Verbal sparring between the comely Judy and Major West, who is cocky and self-assured and regularly disobeys the orders of his superiors, hint at what is to come. So does Will’s science project and the fact that only he among these highly educated adult technophiles knows how to tame the robot which, having been surreptitiously re-programmed, has run amok. “Destroy Jupiter 2! Destroy Robinson family!” it says in its machine voice, and Will stops it by saying “Stop!” Nobody else seems to have thought of that. It’s easy being a genius when you know how. When the robot rampage is halted, the family discover Smith and take him prisoner. What to do with this evil killer with whom they find themselves closeted millions of miles from home? “ Smith could still hurt us,” says Dad. “Maybe we shouldn’t let him live.” But wise and good Maureen the moralist gently asks: “How can we bring civilization to the stars if we can’t stay civilized?”

Only in the movies, folks, could such foolhardy cant be intended to look not only remotely plausible but also like moral profundity. Nor is Maureen finished teaching her prim little lessons to the less advanced men on board.
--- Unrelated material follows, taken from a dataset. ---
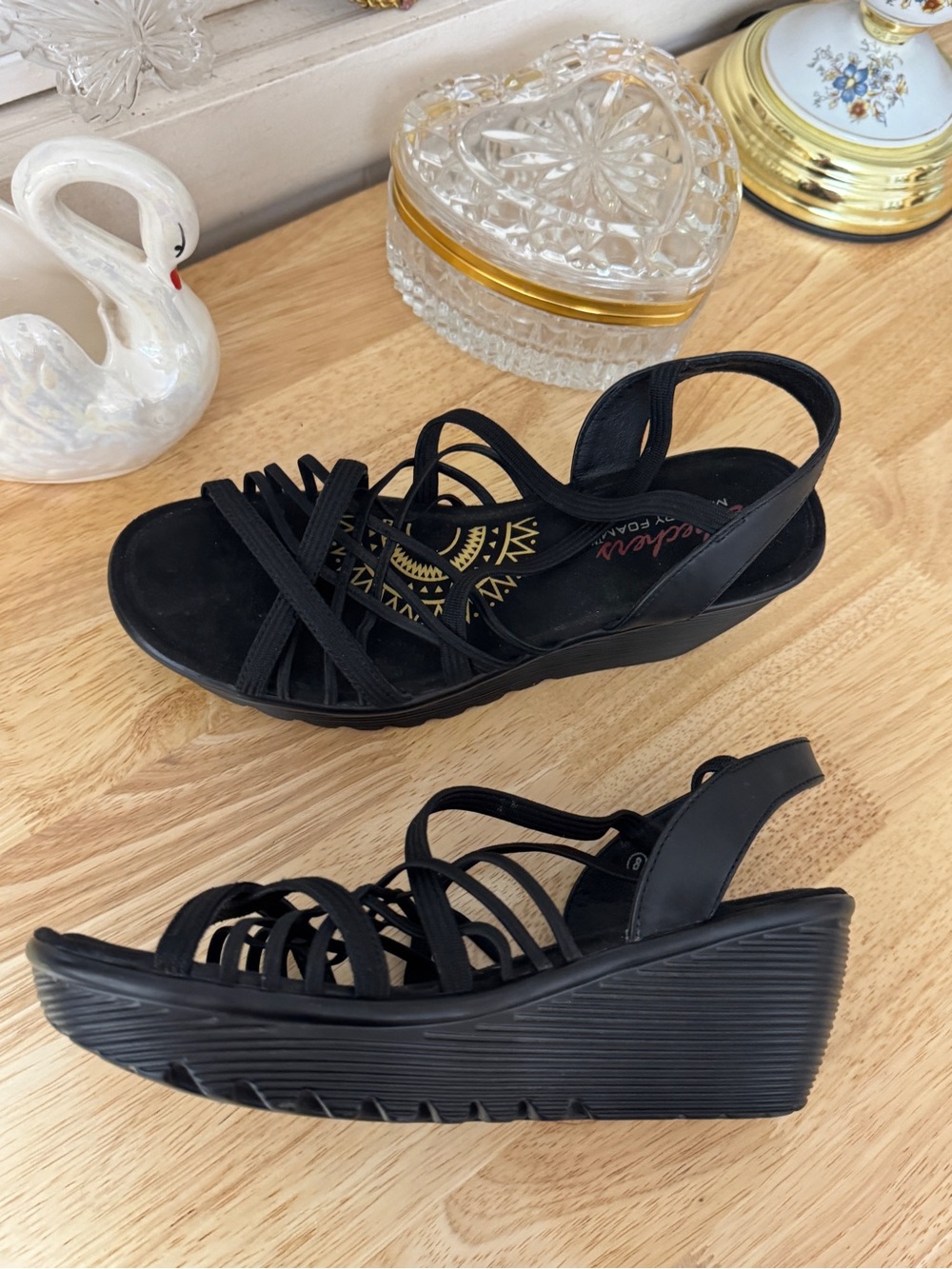 🖤 Skechers Black Strappy Platform Wedge Sandals – Size 8 🖤 - Picture 11 of 15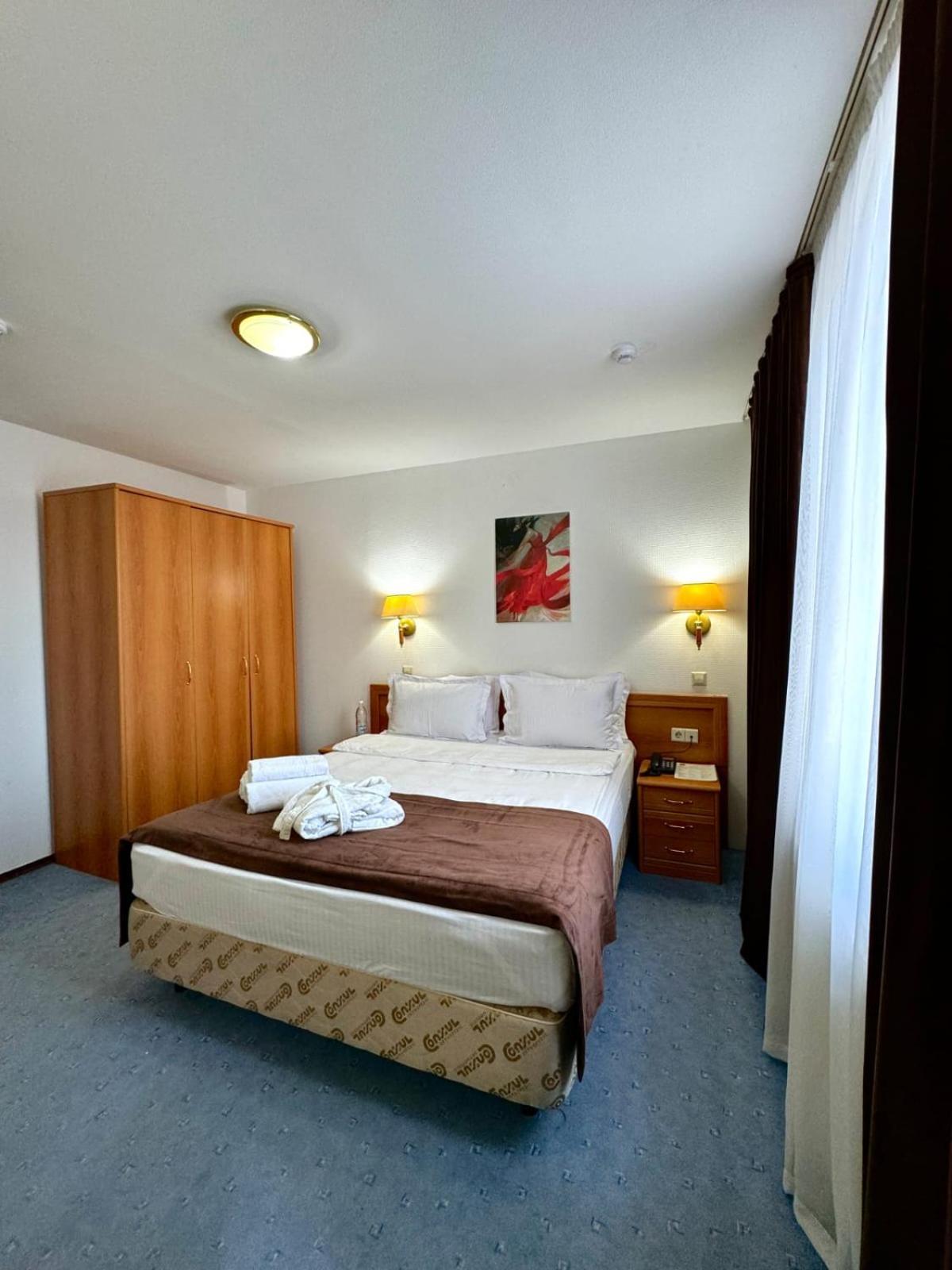 Green Hotel Atyrau Bagian luar foto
When Major West and Professor Robinson are having a heated argument about which of them is in command, Maureen appears and scolds them. “Here we are stranded on an alien world and you two guys get into a pissing contest?” She reproves them for being typical men and tells them if they don’t cut it out she will have them both arrested by her daughter the doctor and she will take over command. Now, “if you two have finished hosing down the decks with testosterone,” she says firmly, they can get to work to do something useful. Major West whispers, “Wow!”

“Tell me about it,” murmurs Robinson so she can’t hear.

Funny, isn’t it? You travel millions of miles through interstellar space only to find that the little woman’s still got you by the short and curlies. As Major West says to Judy, a workaholic like her father, “If there’s no time for fun, doc, then what are we saving the planet for?”